Idiopathic pulmonary fibrosis (IPF) is a lethal disease with an unknown etiology and complex pathophysiology that are not fully understood. The disease involves intricate cellular interplay, particularly among various immune cells. Currently, there is no treatment capable of reversing the fibrotic process or aiding lung regeneration. Hepatocyte growth factor (HGF) has demonstrated antifibrotic properties, whereas the adoptive transfer of modified T cells is a well-established treatment for various malignancies. We aimed to understand the dynamics of T cells in the progression of lung fibrosis and to study the therapeutic benefit of adoptive T cell transfer in a bleomycin-injured mouse lung (BLM) model.
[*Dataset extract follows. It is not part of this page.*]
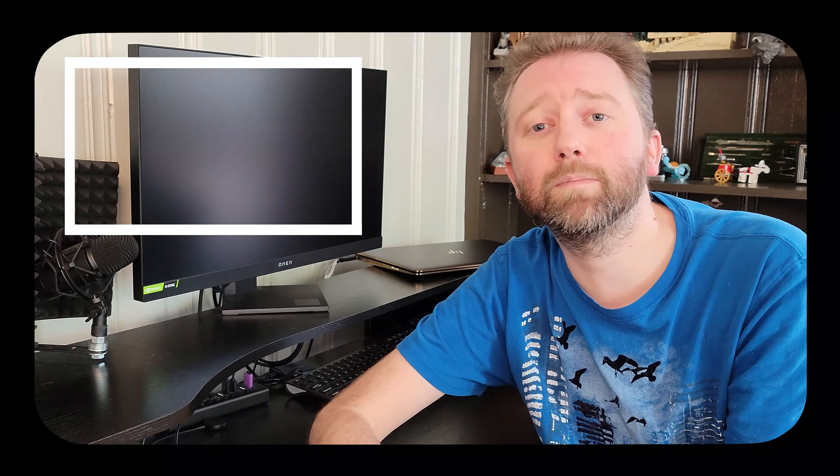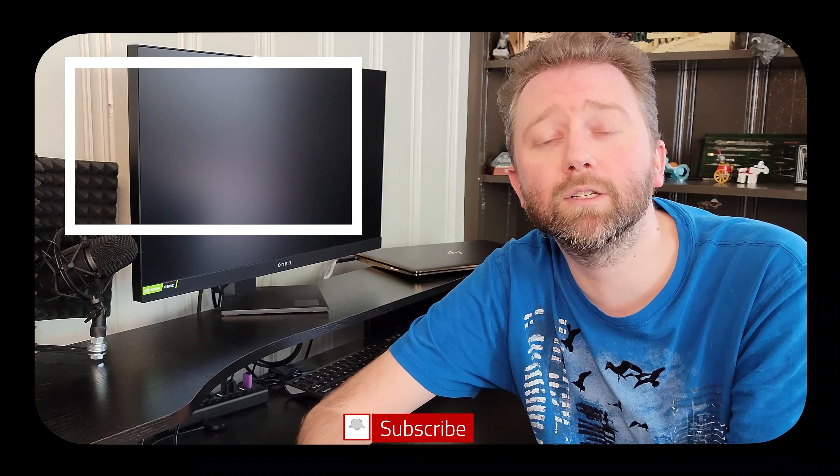Congrats, you made it to the end of the video. Thank you very much, greatly appreciated for the support. Be sure to hit that like button on the video — it really does help out. And if you have not subscribed yet, go ahead and hit that subscribe button and hit the notification bell if you want to get notified when new videos come out on this channel.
T cells were isolated from the spleen of naïve mice and transfected in vitro with mouse HGF plasmid and were administered intratracheally to the mice lungs 7 days post-bleomycin injury to the lung. Lung tissue and bronchoalveolar lavage were collected and analyzed using flow cytometry, histology, qRT-PCR, ELISA, and hydroxyproline assay.
Our findings demonstrate the successful T cell therapy of bleomycin-induced lung injury through the adoptive transfer of HGF-transfected T cells in mice. This treatment resulted in decreased collagen deposition and a balancing of immune cell exhaustion and cytokine homeostasis compared with untreated controls. In vitro testing showed enhanced apoptosis in myofibroblasts induced by HGF-overexpressing T cells.
Taken together, our data highlight the great potential of adoptive T cell transfer as an emerging therapy to counteract lung fibrosis.